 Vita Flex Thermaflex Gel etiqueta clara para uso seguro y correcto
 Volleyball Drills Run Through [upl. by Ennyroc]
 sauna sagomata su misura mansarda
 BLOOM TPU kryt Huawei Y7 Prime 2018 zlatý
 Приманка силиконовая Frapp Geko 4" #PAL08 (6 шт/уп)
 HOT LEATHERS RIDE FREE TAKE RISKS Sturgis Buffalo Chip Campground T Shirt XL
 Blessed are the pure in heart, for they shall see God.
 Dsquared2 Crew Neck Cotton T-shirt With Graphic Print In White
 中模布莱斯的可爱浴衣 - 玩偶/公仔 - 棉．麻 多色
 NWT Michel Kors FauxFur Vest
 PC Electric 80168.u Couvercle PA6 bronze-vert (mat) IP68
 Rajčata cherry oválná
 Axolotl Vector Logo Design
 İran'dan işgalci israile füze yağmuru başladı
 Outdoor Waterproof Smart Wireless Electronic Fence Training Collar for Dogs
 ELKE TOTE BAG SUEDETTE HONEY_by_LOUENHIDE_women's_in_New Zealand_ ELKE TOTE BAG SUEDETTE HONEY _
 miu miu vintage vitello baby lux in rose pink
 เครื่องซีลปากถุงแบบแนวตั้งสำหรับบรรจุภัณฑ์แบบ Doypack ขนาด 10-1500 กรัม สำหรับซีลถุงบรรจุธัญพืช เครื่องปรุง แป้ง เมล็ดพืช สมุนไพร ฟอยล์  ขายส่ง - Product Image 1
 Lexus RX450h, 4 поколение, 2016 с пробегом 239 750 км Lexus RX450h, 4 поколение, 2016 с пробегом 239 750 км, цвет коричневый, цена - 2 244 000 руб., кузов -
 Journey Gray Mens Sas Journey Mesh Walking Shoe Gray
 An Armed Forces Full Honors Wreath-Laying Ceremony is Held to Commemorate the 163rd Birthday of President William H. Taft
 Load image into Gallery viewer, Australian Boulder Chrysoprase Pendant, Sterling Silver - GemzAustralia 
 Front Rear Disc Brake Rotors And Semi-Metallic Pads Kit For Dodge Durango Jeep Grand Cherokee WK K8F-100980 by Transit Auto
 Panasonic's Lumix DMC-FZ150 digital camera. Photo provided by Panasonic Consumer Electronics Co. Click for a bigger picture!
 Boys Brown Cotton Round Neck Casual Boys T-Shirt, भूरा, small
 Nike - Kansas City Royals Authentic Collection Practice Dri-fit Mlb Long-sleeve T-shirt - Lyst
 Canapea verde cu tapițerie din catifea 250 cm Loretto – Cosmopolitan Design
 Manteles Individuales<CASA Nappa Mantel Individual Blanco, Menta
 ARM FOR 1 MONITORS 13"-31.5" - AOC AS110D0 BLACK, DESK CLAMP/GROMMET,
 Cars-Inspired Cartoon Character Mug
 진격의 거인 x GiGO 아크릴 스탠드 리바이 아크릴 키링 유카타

Problem description. Set down exactly the lines from the start of the records to the line with "İran'dan işgalci israile". Include that line, and add nothing more.

Exercise response.
 Vita Flex Thermaflex Gel etiqueta clara para uso seguro y correcto
 Volleyball Drills Run Through [upl. by Ennyroc]
 sauna sagomata su misura mansarda
 BLOOM TPU kryt Huawei Y7 Prime 2018 zlatý
 Приманка силиконовая Frapp Geko 4" #PAL08 (6 шт/уп)
 HOT LEATHERS RIDE FREE TAKE RISKS Sturgis Buffalo Chip Campground T Shirt XL
 Blessed are the pure in heart, for they shall see God.
 Dsquared2 Crew Neck Cotton T-shirt With Graphic Print In White
 中模布莱斯的可爱浴衣 - 玩偶/公仔 - 棉．麻 多色
 NWT Michel Kors FauxFur Vest
 PC Electric 80168.u Couvercle PA6 bronze-vert (mat) IP68
 Rajčata cherry oválná
 Axolotl Vector Logo Design
 İran'dan işgalci israile füze yağmuru başladı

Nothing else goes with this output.